Wednesday 5 June 2013

Beyond Understanding Computers and Cognition

Winograd and Flores's1986 book "Understanding Computers and Cognition" (really just Flores since he wrote much of it as his PhD in a Chilean prison after Pinochet killed Allende and the Cybersyn project) still is a landmark in the technology literature. It was the book that argued that it wasn't data processing and AI that was the future of computing, but communication. It's difficult to make accurate predictions in technology, and this was a particularly good one considering the web was still some way off. How did they make their predictions? Well, philosophy, cybernetics and biology were the main ingredients in what is still a rollicking read (I've recommended it to a number of students who've loved it too). Anyone who thinks technology is a deathly topic of inquiry (as I did when I came across it) should read it.

They were right. Then. But now? Things have a habit of coming full-circle. Their first sentence was "Computers are everywhere." What would we say now? First of all, ubiquity has made "computers" almost disappear. But there's something else. "Data processing is everywhere!" That's where we are now. There isn't a single thing that we do online which doesn't get analysed and fed into some kind of decision-support system. And the algorithms are getting better and better.

I wrote a few days back about how Discrete Wavelet Transforms are facilitating the analysis of continuous data from Video Mining to medical applications that listen to the sound of bowel movements (or anything else). This is basically 'fingerprinting' technology. YouTube can to its video recognition because the Wavelet transformations allow for the production of a highly compressed unique key to each video. With a searchable databank and a simple method of applying the algorithm in such a way that it reveals a part of the key that can be searched with, it is easy to see how they do it.

With text mining, techniques learnt from genetic sequencing similarly are "fingerprinting" our utterances. Facebook and Google know more about us than we think we have revealed. The vast fingerprinting and trawling of patterns of human text engagements means that reasonable prediction becomes a reality. There are of course many applications of this which could be great. Add to this the semantic networks which exploit the data mining continually adapting new inferences and rules, there's some impressive stuff going on. But it's all rather Orwellian, isn't it?

Winograd and Flores would say "This isn't AI". Maybe. But it's bloody clever all the same. And it's new.
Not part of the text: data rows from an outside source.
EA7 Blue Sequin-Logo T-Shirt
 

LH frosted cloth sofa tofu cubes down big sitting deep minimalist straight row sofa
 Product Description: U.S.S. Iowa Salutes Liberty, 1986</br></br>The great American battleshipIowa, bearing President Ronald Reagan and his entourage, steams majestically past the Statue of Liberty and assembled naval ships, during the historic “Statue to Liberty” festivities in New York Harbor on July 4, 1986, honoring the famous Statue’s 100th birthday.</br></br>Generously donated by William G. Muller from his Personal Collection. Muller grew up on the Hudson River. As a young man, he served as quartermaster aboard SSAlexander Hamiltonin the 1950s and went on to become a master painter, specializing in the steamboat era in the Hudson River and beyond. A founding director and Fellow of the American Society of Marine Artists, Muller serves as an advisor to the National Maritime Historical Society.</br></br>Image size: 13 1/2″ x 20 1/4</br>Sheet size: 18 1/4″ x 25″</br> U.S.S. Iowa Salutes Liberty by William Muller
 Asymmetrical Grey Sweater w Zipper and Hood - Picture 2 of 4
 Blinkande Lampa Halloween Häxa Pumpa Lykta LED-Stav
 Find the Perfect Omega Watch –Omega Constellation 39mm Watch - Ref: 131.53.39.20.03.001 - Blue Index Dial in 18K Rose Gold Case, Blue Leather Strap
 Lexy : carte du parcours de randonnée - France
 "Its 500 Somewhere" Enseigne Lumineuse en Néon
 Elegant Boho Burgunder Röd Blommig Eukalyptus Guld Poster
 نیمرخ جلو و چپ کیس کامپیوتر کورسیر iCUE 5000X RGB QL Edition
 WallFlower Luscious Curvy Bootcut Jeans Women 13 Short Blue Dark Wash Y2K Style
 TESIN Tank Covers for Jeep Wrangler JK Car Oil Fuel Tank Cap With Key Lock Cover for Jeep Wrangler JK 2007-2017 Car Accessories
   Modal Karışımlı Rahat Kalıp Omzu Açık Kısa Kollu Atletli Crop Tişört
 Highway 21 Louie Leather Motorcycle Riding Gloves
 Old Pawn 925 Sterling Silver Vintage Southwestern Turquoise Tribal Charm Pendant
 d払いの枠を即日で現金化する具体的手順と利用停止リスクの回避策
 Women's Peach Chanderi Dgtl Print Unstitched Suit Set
It depends on the fact that we have now wired ourselves up to each other in a way that even Flores would have been astonished by.

I think we need to re-look at computers. Our world has changed. Super-powerful inference engines exhibit a kind of 'agency': information, after all, is constraint. But I put 'agency' in inverted commas because I don't think it is agency (I disagree with the Socio-materialists and Actor-Network theory people here). At least it's not the agency of a machine. Agency, I think, requires conscience - and computers can't have that.

The technology question is, more than ever before, a political question. The agency of the machines is the agency of the people behind the machines. Who are they? Who votes for them? What are they up to? How can we get rid of them if we don't like them?

What they are up to should concern all of us. Their motivation is one problem. But their methods are dangerous. The apparent cleverness of the data anlysis increasingly takes us into a 'positive' world where all that matters is that which can be shown on a network graph. What about all the stuff in between? What about the fact that whatever I just tweeted, it wasn't quite what I really thought - just an approximation. An abstraction. Not the reality. Yet whatever has been concretely launched into cyberspace is "the truth". We're losing our grip on the space between things. It's like analysing thousands of Bach fugues to determine his 'rules', and then asserting the "Bach was following rules". [of course, he didn't write thousands!]

Whether these are good people or bad people, their naivity is akin to recklessly drilling for oil at the bottom of the ocean. But the real problem is that they act outside the regulations upheld by the people we vote for. The people acting through machines are a new elite who we do not vote for. This is a challenge for government and democracy.

Bringing technology into the political domain may be the most significant challenge we face in the 21st century.